RI Seminar: Ko Nishino
Visual Material Recognition
Associate Professor, Dept. of Computer Science, College of Engineering, Drexel University
May 10, 2013, 3:30pm - 4:30pm, NSH 1305
Information regarding what an object is made of--its material--can provide crucial clues for image understanding.If a robot, for instance, detects soft dirt or a smooth metal surface ahead, it can adjust its movement in advance. Recognizing materials solely from images, however, has proven to be a difficult problem. In this talk, I will present our research geared towards visual material recognition. I will first discuss about a generative approach, in which we aim to decompose the image into its building blocks--geometry, illumination, and reflectance--so that we can later use the reflectance estimate to deduce the material. I will show how the space of real-world reflectance can be faithfully encoded with a novel reflectance model and be exploited to estimate reflectance in complex real-world environments. I will then discuss a discriminative approach in which we directly try to classify each pixel of an image into different materials. For this, we introduce a novel intermediate representation, called visual material traits, that represent the appearance of material properties like "smooth" and "shiny," and use them to recognize materials locally without any knowledge of the object. Finally, I will show some preliminary results on using material as visual context for image understanding.
Host: Srinivasa Narasimhan
Appointments: Jessica Butterbaugh (firstname.lastname@example.org)

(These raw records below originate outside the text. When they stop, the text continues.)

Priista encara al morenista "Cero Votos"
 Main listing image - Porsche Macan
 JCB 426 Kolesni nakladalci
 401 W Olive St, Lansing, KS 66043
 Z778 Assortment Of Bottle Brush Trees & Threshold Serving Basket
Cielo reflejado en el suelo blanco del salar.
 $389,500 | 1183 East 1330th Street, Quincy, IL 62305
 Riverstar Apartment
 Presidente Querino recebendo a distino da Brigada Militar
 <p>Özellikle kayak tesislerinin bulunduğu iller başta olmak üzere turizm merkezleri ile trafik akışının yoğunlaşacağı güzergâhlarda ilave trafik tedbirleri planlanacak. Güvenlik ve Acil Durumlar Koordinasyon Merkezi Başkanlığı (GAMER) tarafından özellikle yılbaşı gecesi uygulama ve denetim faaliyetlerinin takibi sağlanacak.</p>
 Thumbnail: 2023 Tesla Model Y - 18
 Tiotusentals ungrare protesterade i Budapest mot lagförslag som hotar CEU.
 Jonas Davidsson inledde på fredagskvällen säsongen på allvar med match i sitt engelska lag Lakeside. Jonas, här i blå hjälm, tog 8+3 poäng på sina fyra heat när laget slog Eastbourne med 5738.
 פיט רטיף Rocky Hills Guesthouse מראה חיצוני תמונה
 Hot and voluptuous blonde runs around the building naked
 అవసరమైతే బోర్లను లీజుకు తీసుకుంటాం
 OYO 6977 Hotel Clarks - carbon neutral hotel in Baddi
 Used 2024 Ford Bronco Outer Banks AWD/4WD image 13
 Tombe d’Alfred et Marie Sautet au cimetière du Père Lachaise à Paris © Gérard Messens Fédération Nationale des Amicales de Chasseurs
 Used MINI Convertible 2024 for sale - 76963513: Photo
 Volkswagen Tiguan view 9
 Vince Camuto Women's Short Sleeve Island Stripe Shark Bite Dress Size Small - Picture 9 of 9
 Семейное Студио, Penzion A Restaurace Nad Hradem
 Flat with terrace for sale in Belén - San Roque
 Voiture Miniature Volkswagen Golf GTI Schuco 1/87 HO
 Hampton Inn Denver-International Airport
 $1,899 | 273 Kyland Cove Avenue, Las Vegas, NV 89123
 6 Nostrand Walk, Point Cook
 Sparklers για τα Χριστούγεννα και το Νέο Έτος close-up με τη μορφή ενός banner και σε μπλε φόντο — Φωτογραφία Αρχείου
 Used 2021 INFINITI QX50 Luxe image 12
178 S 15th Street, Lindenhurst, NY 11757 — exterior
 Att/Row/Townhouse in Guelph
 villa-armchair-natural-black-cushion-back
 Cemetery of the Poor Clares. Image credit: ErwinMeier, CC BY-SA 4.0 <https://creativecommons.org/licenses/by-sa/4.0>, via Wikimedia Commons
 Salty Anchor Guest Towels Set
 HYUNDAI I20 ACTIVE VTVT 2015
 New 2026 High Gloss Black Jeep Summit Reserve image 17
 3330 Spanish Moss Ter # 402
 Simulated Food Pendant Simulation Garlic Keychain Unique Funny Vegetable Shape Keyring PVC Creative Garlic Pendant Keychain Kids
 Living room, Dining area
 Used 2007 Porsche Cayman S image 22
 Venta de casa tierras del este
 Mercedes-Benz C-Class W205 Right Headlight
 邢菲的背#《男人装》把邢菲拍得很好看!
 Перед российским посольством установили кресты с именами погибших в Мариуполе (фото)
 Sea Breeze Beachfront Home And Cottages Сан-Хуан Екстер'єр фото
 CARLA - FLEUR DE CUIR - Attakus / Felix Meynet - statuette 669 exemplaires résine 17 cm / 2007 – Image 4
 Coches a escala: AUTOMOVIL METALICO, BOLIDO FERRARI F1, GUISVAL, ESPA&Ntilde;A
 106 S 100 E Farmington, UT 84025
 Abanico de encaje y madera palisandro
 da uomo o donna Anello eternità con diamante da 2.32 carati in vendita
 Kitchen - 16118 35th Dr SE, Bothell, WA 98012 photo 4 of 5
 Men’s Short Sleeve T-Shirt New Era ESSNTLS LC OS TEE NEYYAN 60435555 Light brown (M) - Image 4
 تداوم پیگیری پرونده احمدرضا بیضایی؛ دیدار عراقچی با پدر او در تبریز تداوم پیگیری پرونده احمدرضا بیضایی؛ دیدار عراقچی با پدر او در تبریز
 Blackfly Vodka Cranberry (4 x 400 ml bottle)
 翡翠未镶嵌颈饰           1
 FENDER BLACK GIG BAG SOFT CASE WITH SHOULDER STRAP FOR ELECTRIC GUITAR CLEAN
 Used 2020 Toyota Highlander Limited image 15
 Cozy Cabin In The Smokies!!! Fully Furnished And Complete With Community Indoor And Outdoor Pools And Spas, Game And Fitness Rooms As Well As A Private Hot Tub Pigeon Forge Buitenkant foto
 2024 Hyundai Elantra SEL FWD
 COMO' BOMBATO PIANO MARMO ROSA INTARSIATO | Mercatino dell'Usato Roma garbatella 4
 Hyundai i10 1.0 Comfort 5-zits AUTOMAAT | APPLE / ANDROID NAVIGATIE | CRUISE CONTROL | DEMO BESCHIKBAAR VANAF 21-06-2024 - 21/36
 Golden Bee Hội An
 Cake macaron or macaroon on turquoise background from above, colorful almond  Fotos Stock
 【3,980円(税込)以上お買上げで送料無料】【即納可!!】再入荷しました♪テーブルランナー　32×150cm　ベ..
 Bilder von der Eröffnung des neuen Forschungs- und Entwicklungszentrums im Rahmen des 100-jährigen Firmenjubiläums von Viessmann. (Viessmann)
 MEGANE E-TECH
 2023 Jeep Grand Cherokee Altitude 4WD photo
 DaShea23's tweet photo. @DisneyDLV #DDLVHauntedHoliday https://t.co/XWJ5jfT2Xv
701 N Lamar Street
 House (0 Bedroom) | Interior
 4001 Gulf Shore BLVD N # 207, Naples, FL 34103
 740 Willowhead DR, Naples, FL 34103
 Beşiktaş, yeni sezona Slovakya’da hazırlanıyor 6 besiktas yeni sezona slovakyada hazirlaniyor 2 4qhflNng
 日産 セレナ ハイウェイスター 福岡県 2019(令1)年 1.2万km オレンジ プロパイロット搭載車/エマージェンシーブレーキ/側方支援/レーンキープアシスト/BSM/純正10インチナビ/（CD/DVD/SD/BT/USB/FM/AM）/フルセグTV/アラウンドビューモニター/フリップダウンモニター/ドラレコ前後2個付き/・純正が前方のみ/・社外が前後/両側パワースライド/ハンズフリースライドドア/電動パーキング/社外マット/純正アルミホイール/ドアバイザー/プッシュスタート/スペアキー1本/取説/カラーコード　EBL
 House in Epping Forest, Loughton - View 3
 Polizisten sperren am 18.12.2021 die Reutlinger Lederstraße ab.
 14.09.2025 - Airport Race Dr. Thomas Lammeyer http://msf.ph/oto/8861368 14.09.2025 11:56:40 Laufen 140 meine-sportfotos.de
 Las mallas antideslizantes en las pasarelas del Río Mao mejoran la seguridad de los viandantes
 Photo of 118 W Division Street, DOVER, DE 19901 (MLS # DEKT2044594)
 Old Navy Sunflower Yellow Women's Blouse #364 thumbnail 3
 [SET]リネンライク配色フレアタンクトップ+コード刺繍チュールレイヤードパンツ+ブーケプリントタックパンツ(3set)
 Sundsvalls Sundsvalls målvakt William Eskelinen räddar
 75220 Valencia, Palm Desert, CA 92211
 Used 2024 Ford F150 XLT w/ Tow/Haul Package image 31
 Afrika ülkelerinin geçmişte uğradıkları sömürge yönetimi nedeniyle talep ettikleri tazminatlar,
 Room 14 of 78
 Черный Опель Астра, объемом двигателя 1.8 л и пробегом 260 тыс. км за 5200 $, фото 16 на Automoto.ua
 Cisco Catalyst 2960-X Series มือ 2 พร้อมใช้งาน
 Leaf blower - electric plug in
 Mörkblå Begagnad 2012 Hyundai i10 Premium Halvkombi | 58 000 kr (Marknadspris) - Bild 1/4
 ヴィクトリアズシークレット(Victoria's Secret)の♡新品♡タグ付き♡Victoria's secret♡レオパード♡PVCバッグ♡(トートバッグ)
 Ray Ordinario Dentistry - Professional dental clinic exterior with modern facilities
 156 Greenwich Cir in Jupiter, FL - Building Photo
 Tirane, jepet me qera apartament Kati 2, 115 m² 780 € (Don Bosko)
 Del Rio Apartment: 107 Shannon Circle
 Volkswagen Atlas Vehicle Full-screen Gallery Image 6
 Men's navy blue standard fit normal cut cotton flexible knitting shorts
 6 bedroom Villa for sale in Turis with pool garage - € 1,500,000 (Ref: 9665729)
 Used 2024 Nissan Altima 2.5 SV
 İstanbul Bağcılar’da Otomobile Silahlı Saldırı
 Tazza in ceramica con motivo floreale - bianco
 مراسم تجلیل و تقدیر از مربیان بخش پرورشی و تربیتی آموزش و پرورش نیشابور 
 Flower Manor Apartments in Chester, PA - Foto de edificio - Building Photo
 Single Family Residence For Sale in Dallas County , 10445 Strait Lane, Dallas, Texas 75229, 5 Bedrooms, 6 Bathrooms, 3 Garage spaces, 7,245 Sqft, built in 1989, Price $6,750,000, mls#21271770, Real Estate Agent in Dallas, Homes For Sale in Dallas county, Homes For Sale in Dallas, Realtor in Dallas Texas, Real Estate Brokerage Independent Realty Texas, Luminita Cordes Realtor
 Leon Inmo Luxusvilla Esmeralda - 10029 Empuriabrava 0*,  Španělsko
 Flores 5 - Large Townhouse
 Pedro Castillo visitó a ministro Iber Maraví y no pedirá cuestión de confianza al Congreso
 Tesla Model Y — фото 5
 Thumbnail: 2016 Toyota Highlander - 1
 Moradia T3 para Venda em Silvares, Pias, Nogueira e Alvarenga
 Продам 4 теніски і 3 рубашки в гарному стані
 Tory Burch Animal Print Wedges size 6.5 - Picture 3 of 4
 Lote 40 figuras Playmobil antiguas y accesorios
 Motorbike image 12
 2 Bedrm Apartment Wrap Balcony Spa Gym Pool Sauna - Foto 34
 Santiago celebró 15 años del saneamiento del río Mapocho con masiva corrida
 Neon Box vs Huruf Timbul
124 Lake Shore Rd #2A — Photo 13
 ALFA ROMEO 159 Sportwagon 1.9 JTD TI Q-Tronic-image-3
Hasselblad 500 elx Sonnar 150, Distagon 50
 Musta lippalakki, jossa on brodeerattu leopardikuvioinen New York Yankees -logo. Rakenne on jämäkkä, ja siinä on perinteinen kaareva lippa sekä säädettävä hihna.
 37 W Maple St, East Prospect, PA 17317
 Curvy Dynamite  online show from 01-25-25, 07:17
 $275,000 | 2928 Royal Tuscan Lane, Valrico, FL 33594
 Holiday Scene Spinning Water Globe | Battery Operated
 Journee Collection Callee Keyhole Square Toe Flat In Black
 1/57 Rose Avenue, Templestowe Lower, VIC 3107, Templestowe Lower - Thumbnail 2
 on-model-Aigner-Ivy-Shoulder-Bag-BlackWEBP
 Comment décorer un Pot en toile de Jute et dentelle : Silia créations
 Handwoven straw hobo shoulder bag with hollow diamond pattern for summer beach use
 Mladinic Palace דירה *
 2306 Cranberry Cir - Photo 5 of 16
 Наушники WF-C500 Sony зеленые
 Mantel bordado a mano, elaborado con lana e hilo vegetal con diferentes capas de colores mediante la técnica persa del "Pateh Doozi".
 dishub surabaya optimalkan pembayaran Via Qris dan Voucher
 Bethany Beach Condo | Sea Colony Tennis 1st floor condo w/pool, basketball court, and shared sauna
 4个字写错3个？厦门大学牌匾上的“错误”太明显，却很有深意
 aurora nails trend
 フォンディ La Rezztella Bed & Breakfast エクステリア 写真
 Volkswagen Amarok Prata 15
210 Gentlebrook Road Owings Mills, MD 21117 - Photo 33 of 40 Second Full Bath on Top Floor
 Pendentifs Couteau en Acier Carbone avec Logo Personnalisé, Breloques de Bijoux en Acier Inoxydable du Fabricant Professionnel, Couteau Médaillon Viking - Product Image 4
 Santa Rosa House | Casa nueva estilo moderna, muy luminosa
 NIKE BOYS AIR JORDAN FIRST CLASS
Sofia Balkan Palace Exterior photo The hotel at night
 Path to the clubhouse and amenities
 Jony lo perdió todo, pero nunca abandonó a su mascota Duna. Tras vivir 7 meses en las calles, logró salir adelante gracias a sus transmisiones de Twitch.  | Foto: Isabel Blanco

Ko Nishino is an associate professor in the Department of Computer Science at Drexel University. He received a B.E. and an M.E. in Information and Communication Engineering in 1997 and 1999, respectively, and a PhD in Computer Science in 2002, all from The University of Tokyo. Before joining Drexel University in 2005, he was a Postdoctoral Research Scientist in the Computer Science Department at Columbia University. His primary research interests lie in computer vision and include appearance modeling and synthesis, geometry processing, and video analysis. His work on exploiting eye reflections received considerable media attention including articles in New York Times, Newsweek, and NewScientist. He received the NSF CAREER award in 2008.